So, despite uncertain times, our farmers can take a bow. And, as Erasmus notes,
it was only after the agricultural boards were disbanded and farmers were exposed to the free market system that they were galvanised into action. It was a matter of ‘sink or swim’.

Better together
Amongst the stars of South African agriculture is citrus, which has become the country’s largest export crop.

One reason for this is that the climate of large areas from the Limpopo River to the south-western Cape is able to support it, unlike deciduous fruit. But there’s another, more fundamental reason for the citrus industry’s success: the deep co-operative spirit and culture that exists amongst citrus producers.
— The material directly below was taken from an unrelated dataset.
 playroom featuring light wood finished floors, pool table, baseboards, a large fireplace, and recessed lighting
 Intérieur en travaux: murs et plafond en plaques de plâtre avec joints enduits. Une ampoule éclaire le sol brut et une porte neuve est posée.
It dates back to the days of the first exports from this country. As early as 1922, the Vrugtekwekers Koöperatiewe Beurs van Suid-Afrika Beperk brought all export fruit producers together, and it was followed five years later by the formation of the South African Citrus Exchange.

From this time onwards, citrus producers from all areas collaborated actively in developing markets and sharing information. There were, of course, many strains and stresses between growers competing with different cultivars and from different areas.

But compromises were thrashed out, and from 1927 until the boards were abandoned in 1998, growers stuck together, appreciating that they would survive together and fail on their own.

Crucially, deregulation has not changed this mindset. Close co-operation in all areas of common interest has continued unabated. Indeed, each fruit industry and every other major South African agricultural industry has established its own industry-funded organisation.

In the case of citrus, the South African Citrus Growers’ Association of Southern Africa (CGA) sets standards of service to the industry that most citrus-producing countries can only dream of.

Why small-scale farmers need to get involved
Now for the main point of my article: if the largest commercial producers such as those involved in the CGA find it necessary to work in close co-operation with each other to succeed, what possible chance do small-scale farmers have of surviving unless they are also involved with these organisations?

The transfer of technical, management and business skills to aspirant farmers is essential. Without a co-operative culture, which has been the basis of present-day large commercial farms in South Africa, small-scale farmers will continue to fail in their quest to establish viable farming operations.

The success of the country’s small-scale farmers depends on a co-operative environment.